Task:
The answer should be an exact repeat of the stretch of material below from the line containing "海囤/LV 围巾 //css26163" through the line containing "Зелений Пежо 5008, об'ємом".

Records shown:
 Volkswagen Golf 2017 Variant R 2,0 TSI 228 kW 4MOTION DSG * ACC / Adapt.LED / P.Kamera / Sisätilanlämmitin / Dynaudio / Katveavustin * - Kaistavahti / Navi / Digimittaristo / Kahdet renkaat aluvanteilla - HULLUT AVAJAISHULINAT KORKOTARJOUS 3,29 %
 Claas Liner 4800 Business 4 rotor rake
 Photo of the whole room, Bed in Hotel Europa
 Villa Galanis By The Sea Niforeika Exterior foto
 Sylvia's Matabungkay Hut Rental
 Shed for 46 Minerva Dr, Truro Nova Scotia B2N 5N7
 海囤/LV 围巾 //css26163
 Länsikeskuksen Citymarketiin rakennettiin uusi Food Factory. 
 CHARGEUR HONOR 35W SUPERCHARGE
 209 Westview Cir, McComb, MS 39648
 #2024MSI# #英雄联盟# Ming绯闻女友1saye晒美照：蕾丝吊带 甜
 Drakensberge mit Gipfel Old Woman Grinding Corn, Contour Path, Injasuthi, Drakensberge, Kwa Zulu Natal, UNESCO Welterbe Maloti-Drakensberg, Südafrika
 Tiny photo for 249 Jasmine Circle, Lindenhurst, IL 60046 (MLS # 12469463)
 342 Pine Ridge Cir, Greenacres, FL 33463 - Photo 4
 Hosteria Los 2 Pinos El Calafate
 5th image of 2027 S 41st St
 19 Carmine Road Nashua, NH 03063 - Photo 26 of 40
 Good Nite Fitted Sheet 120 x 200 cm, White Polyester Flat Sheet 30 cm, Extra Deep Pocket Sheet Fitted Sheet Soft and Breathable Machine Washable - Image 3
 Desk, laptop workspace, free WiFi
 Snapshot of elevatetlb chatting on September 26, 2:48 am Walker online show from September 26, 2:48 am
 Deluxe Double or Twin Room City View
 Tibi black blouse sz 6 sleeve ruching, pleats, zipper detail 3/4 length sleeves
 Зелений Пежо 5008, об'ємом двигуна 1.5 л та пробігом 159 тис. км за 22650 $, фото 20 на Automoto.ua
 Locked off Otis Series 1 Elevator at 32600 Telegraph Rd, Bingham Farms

Response for this exercise:
 海囤/LV 围巾 //css26163
 Länsikeskuksen Citymarketiin rakennettiin uusi Food Factory. 
 CHARGEUR HONOR 35W SUPERCHARGE
 209 Westview Cir, McComb, MS 39648
 #2024MSI# #英雄联盟# Ming绯闻女友1saye晒美照：蕾丝吊带 甜
 Drakensberge mit Gipfel Old Woman Grinding Corn, Contour Path, Injasuthi, Drakensberge, Kwa Zulu Natal, UNESCO Welterbe Maloti-Drakensberg, Südafrika
 Tiny photo for 249 Jasmine Circle, Lindenhurst, IL 60046 (MLS # 12469463)
 342 Pine Ridge Cir, Greenacres, FL 33463 - Photo 4
 Hosteria Los 2 Pinos El Calafate
 5th image of 2027 S 41st St
 19 Carmine Road Nashua, NH 03063 - Photo 26 of 40
 Good Nite Fitted Sheet 120 x 200 cm, White Polyester Flat Sheet 30 cm, Extra Deep Pocket Sheet Fitted Sheet Soft and Breathable Machine Washable - Image 3
 Desk, laptop workspace, free WiFi
 Snapshot of elevatetlb chatting on September 26, 2:48 am Walker online show from September 26, 2:48 am
 Deluxe Double or Twin Room City View
 Tibi black blouse sz 6 sleeve ruching, pleats, zipper detail 3/4 length sleeves
 Зелений Пежо 5008, об'ємом двигуна 1.5 л та пробігом 159 тис. км за 22650 $, фото 20 на Automoto.ua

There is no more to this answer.